Thursday, September 5, 2013

Knights of old

So, way back at the turn of the century, in the summer 2000, a D&D club at a community college in southwestern Washington wanted to go to Dragonflight, the Seattle area gaming convention, but their club advisor was unable to make to trip. Since the outing would have to be cancelled if there were no faculty/staff advisor to go along, the student activities director scoured the campus for a volunteer, and eventually made the campus security director an honorary, temporary student club advisor.

That's how I attended Dragonflight and got my first real exposure to the gaming community. The story of that trip has several details of note, but the one I am reminded of now is how I was present for the birth of what eventually evolved into the HeroClix phenomenon.
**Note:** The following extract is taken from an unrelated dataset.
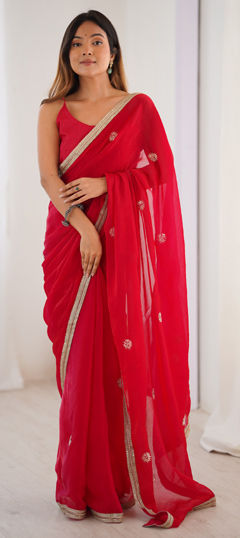Red and Maroon color Saree in Chiffon fabric with Bugle Beads, Moti, Sequence work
As I wandered around the convention, my charges nowhere to be found -- they were all involved in nonstop tabletop RPG sessions beginning literally within minutes of our arrival -- my attention was drawn by a fellow who was hawking figurines that had little dials on the bottom. I chatted with him a while, and he explained how you could use the dial to keep track of the condition of the character represented by the figure as you played the game. Gathering together my then-limited understanding of tabletop gaming, I ventured "So it's like D&D, except instead of keeping track on a character sheet, you keep track with the dial itself?"

"Exactly!" he said.

In fact, it was close to the wording they used on the first box set to explain this new invention:

But I get ahead of myself: I didn't get a box set at that time; I did get a free promotional figure, which was one of the first combat dial system miniatures ever produced. I gave it to a pal who was a big Warhammer player back that then. I wonder if  he still has it; he could probably make a dime or two on eBay.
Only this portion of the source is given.